You still have to review and understand changes that your “AI agent” did. If you don’t review and fully understand everything it does, then I fear for your project.

majormajor · 2025-09-26T02:59:16 1758855556

> But I’m not even going to argue about that. I want to raise something no one else seems to mention about AI in coding work. I do a lot of work now with AI that I used to code by hand, and if you told me I was 20% slower on average, I would say “that’s totally fine it’s still worth it” because the EFFORT level from my end feels so much less.

I completely get this and I often have an LLM do boring stupid crap that I just don't wanna do. I frequently find myself thinking "wow I could've done it by hand faster." But I would've burned some energy that could be better put towards other stuff.

I don't know if that's a net positive, though.
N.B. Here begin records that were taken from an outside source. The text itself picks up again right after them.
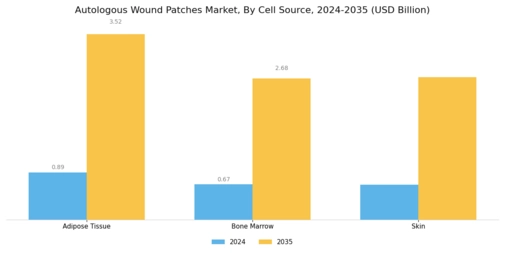 Autologous Wound Patches Market Segment Image 2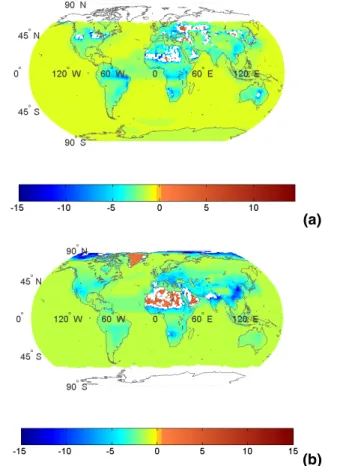 Fig. 5. Global distribution of the ratio of aerosol direct radiative e ff ects ∆ F surfnet / ∆ F TOA , for (a) January and (b) July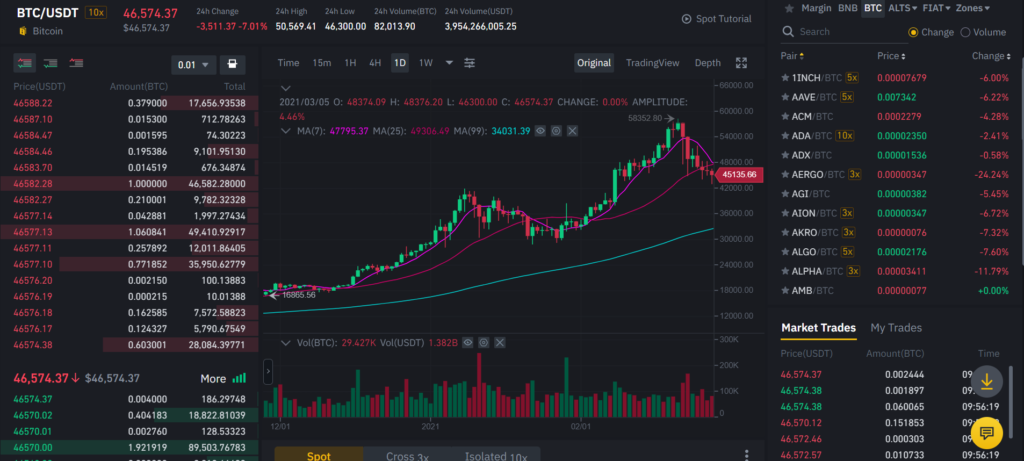 Binance útmutató: minden, amit tudni érdemes a kriptotőzsdéről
On one hand, my being lazy may be less of a hindrance compared to someone willing to grind more boring crap for longer.

On the other hand, will it lessen my edge in more complicated or intricate stuff that keeps the boring-crap-grinders from being able to take my job?

jama211 · 2025-09-26T19:12:32 1758913952

Exactly, but I don’t think you lose much edge, or anything that can’t be picked up again quickly if it’s truely boring easy stuff. I think it’s a net positive because I can guarantee you there are afternoons where if I couldn’t have done the boring thing with AI I just wouldn’t have done it that afternoon at all haha.